Category: Anti-Patterns at ScaleAutomated Large-Scale Refactoring Covers (collectively): Codemods & AST transforms · Type-aware rewrites · Pattern tools (Comby, Semgrep, gofmt -r) · Idempotency & verification · Landing huge mechanical diffs

These are hands-on, write-the-transform exercises. Each gives you a problem statement, starter code or a target pattern, acceptance criteria, and a collapsible solution with an explanation. The point is to author the codemod — write the gofmt -r rule, the Comby pattern, the ts-morph transform — and to make it idempotent and safe, not just "works once on the demo file."

How to use this file. Try each transform in your editor against the sample and against the "must-not-change" inputs before opening the solution. A transform that passes the happy path but corrupts a string literal is not done.

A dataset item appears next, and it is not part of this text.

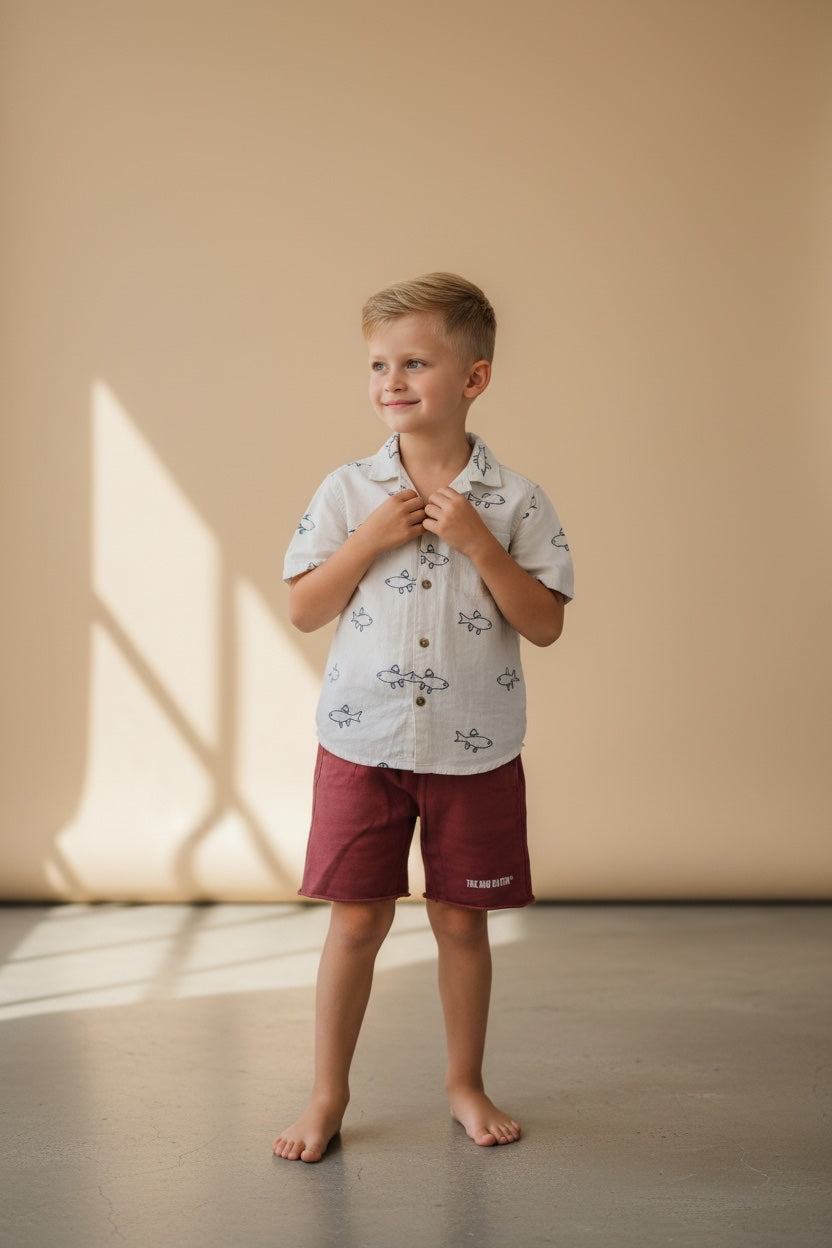 2er Kidkiddo Set 110 Weiß mit Druck und Bordeauxrot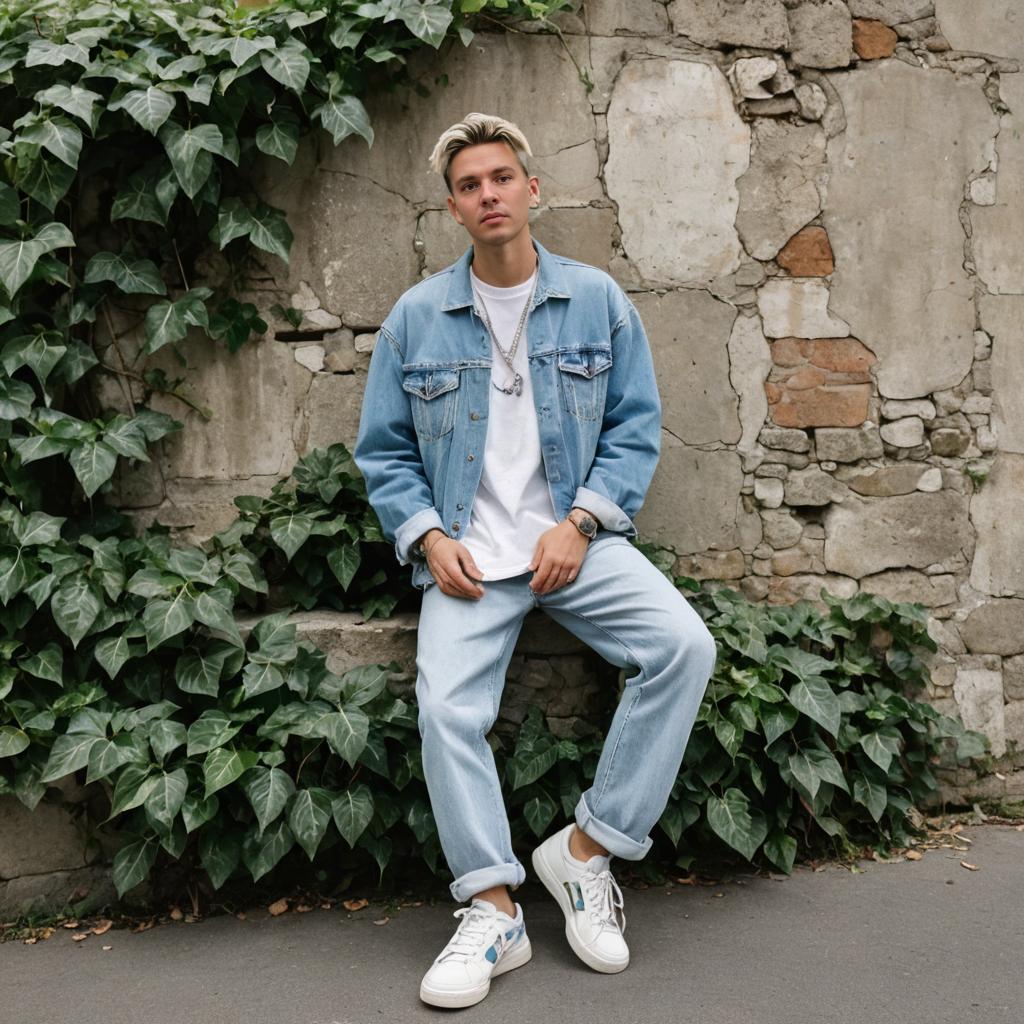 Casual man in denim against rustic stone wall with ivy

The explanation under each solution is where the reasoning lives.

Table of Contents

# Exercise Tool Skill Difficulty
1 A gofmt -r rewrite rule gofmt -r Expression rewrite ★ easy
2 Reorder assert.Equal args with Comby Comby Structural rewrite ★★ medium
3 Rename a method on one type (ts-morph) ts-morph Type-aware rename ★★★ hard
4 Make a transform idempotent ts-morph Idempotency ★★ medium
5 A Semgrep autofix with metavariables Semgrep Pattern + fix ★★ medium
6 A residual-pattern detector for CI grep/Semgrep Verification ★★ medium

Exercise 1 — A gofmt -r rewrite rule

Tool: gofmt -r · Difficulty: ★ easy

A codebase is littered with the verbose, redundant slice form s[low:len(s)], which means exactly the same as s[low:]. Write a single gofmt -r rule that rewrites every occurrence across the tree, and explain why this is safe to run with regex-like syntax but isn't regex.

// Before — sample.go
package buf

func tail(s []byte, n int) []byte {
    return s[n:len(s)]            // → should become s[n:]
}

func drop(xs []int) []int {
    return xs[1:len(xs)]          // → xs[1:]
}

// must NOT change:
var doc = "use s[n:len(s)] for the full tail"  // a string literal
// note: data[i:len(data)] is the idiom        // a comment

Acceptance criteria - s[n:len(s)] and xs[1:len(xs)] are rewritten to s[n:] and xs[1:]. - The string literal and the comment mentioning the pattern are untouched. - The rule is one gofmt -r invocation; -w writes in place.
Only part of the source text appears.